Sosyal Bilimler | Kayda Değer Akademik Metinler

Sosyal Bilimler

Frankfurt Okulu Bir Asırdır Modern Toplumlarda Tahakkümün Nasıl İşlediğini İnceliyor - Sosyal Bilimler
Sosyal Bilimler

Frankfurt Okulu Bir Asırdır Modern Toplumlarda Tahakkümün Nasıl İşlediğini İnceliyor

1923 yılına gelindiğinde, en azından Avrupa’nın büyük bir kısmında silah sesleri susmuştu. Buna rağmen Almanya’da bir grup genç akademisyen, Birinci Dünya Savaşı’nın ardından yaşanan toplumsal çalkantının hâlâ bir felaket yaratabilecek potansiyele sahip olduğunu düşünüyor ve bir toplumsal araştırma enstitüsünün bu zorluğun üstesinden gelmek için gerekli bir adım olduğuna inanıyordu.

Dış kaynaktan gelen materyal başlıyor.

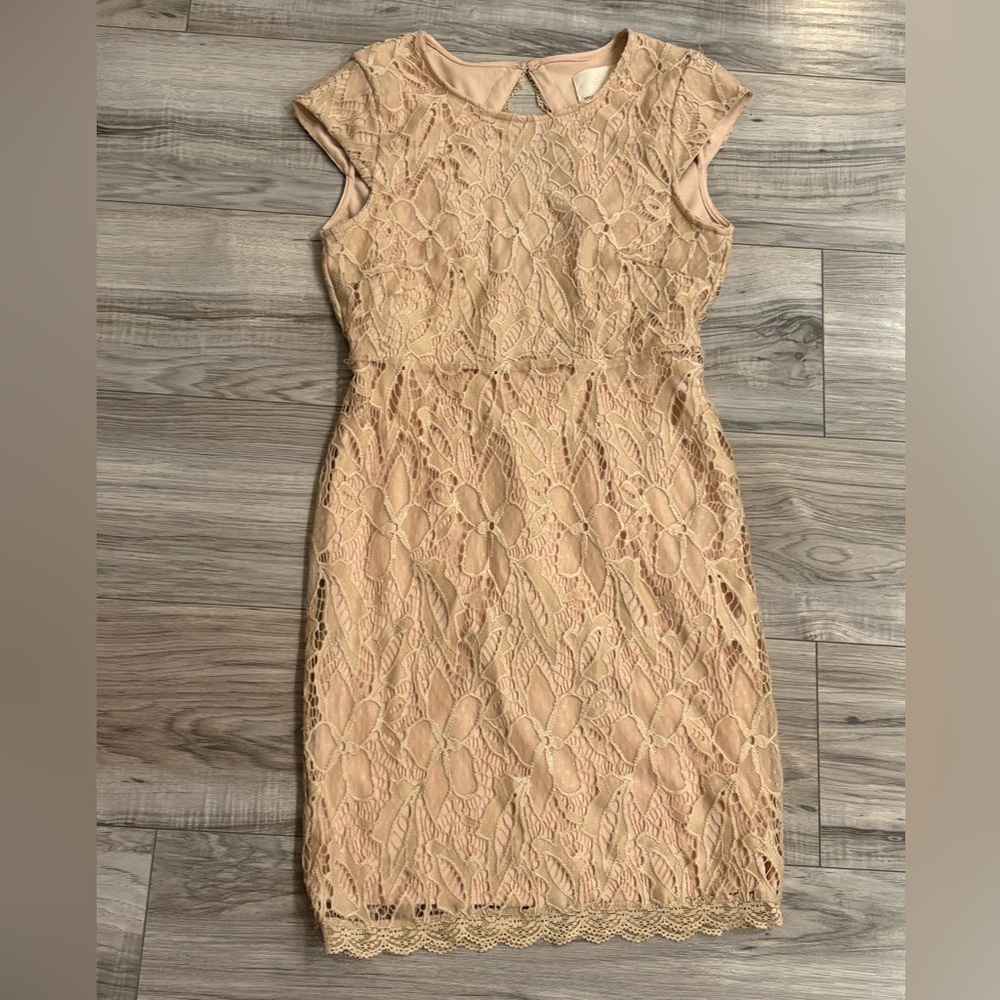 3/$25 Vero Moda Nude Blush Lace Dress | Open Back | Size Small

Felix Weil, Max Horkheimer ve Friedrich Pollock henüz yüzyılın başlarında Frankfurt’ta böyle bir enstitü kurma fikrini ortaya atmıştı. Bu isimler, gelecek için daha insancıl ve adil bir model bulabilmek amacıyla toplum üzerine hem teorik hem de ampirik araştırmalar yapacak, aynı zamanda Kasım Devrimi’nin ve Almanya’daki diğer devrim girişimlerinin neden başarısız olduğu üzerine kafa yoracak bir yapı tasavvur ediyordu. Bu fikir, Frankfurt Üniversitesi’nin hayırseverlerinden biri olan Weil’in babası tarafından destek gördü.

Enstitünün ilk müdürü Carl Grünberg, enstitüye kurumsal çerçevede Marksist bir nitelik kazandırdı. Açılış konuşmasında Marksizme olan bağlılığını tutkuyla dile getirdi ve araştırma faaliyetlerinde tarihsel-materyalist yöntemleri kullanacaklarını beyan etti. Enstitünün kurulması için çeşitli aktörlerin ve idari makamların onayının alınması gerektiğinden, Weil başlangıçta 1922’deki kuruluş belgesinde “Ezopça bir dil” kullanarak Marksist yönelimi gizledi.

Grünberg’in 1923’te araştırma programını açıkça Marx’a atıfta bulunarak tanımlaması, Frankfurt Üniversitesi’nde ve çevresinde çalışan pek çok muhafazakârı hem şaşırttı hem de şoke etti. Grünberg 1911’de Archiv für die Geschichte des Sozialismus und der Arbeiterbewegung (Sosyalizm ve İşçi Hareketi Tarihi Arşivi) dergisini kurmuştu ve bu dergi enstitünün ilk yıllarındaki en önemli yayın oldu.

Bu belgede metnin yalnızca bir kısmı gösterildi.